I numeri relativi alla disoccupazione giovanile, nettamente in contrasto con la richiesta di personale da parte delle aziende hanno quindi, all’evidenza dei fatti, una spiegazione: i ragazzi che cercano lavoro non hanno le competenze richieste dalle aziende. Tale risposta apre nuove questioni: sono le aziende che richiedono competenze diverse e più elevate o è il sistema formativo che non assolve compiutamente alla sua funzione oppure infine sono le famiglie che non riescono a educare in modo adeguato e a far compiere ai figli le scelte opportune?
È necessario che tutti facciano la loro parte. Ma proprio l’urgenza dei numeri richiede che si proceda ad un cambiamento radicale che coinvolga aziende, scuole e sistema sociale. Per superare la criticità, scuole e aziende dovranno sviluppare assieme un sistema che consenta a tutte le realtà produttive, anche di ridotte dimensioni, di collaborare alla formazione dei giovani tecnici. Il sistema formativo dovrà integrarsi al sistema produttivo acquistando maggiore flessibilità e favorendo interazioni nelle docenze e nell’aggiornamento dei formatori, oltre che nella formazione degli allievi, pur mantenendo il compito di formazione generale della persona.
Sistemi formativi “misti” come quello attualmente sperimentato dagli Its con partecipazione attiva delle imprese nell’organizzazione delle scuole, sia dal punto di vista didattico che da quello della gestione, pur nei numeri limitati, sono la dimostrazione evidente che quanto indicato può essere messo in pratica. Se azienda e scuola collaborano alla preparazione di un tecnico per un inserimento programmato, evidentemente il sistema non può che creare occupazione qualificata con reciproco vantaggio.
La stessa Alternanza scuola-lavoro inserita nelle programmazioni didattiche della scuola secondaria superiore, pur tra mille difficoltà organizzative e normative, costituisce un enorme passo avanti nel cambiamento di mentalità che dovrà forzatamente avvenire sia nel mondo del lavoro che in quello dell’istruzione. Al centro dell’attenzione devono restare sempre i giovani.
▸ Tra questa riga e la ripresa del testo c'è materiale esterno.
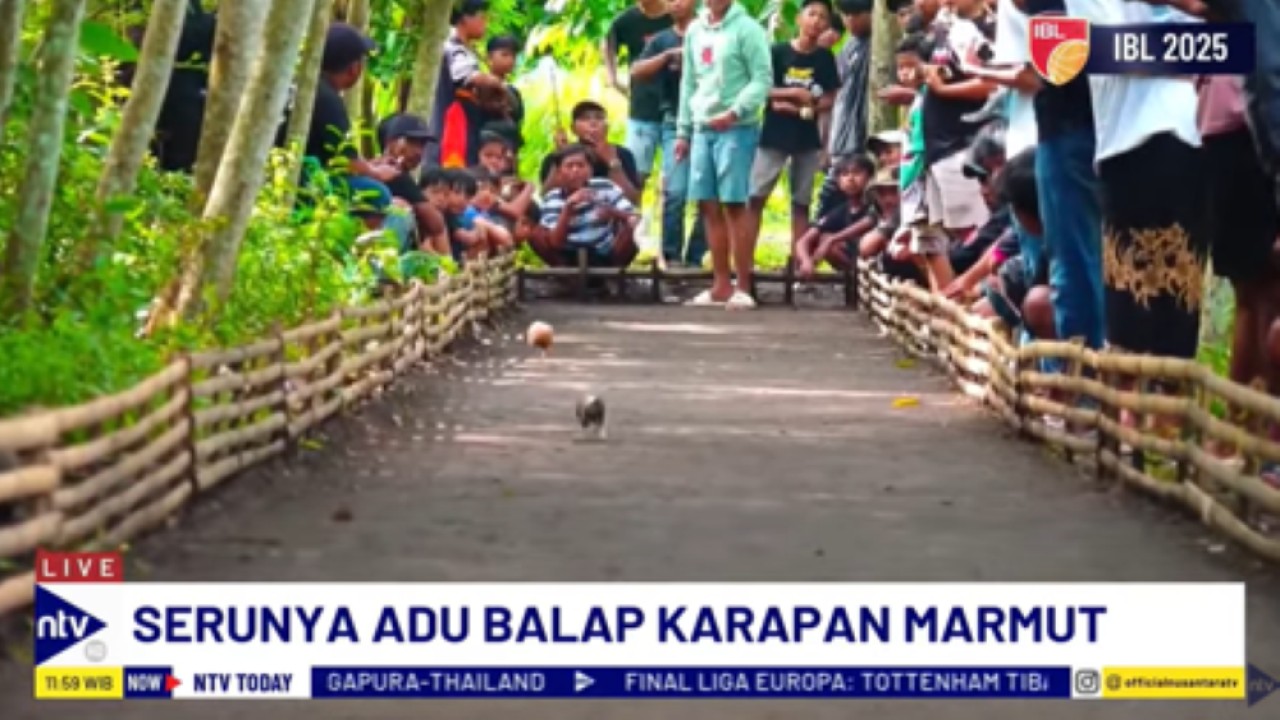 Balap karapan marmut di Lumajang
Il numero di Neet attualmente presenti nel nostro Paese è certamente un problema sociale, ma i ragazzi di oggi non sono peggiori di quelli di qualche anno fa, né in generale hanno “meno voglia di fare”. Non si deve dimenticare che ogni lavoratore è in primo luogo una persona e l’educazione della persona è primariamente impartita dalla famiglia. Il modo di comportarsi, il rispetto degli altri e degli impegni presi, la responsabilità, l’autonomia, la curiosità e la voglia di imparare, la capacità di rapportarsi con gli altri, doti essenziali valutate anche in sede di assunzione, possono essere favorite nella crescita con l’azione degli enti formativi, ma si basano principalmente su presenza e interventi quotidiani della famiglia. Probabilmente anche su questo tema, oltre che sui cambiamenti del sistema scuola-lavoro, dovrebbe essere compiuta qualche riflessione.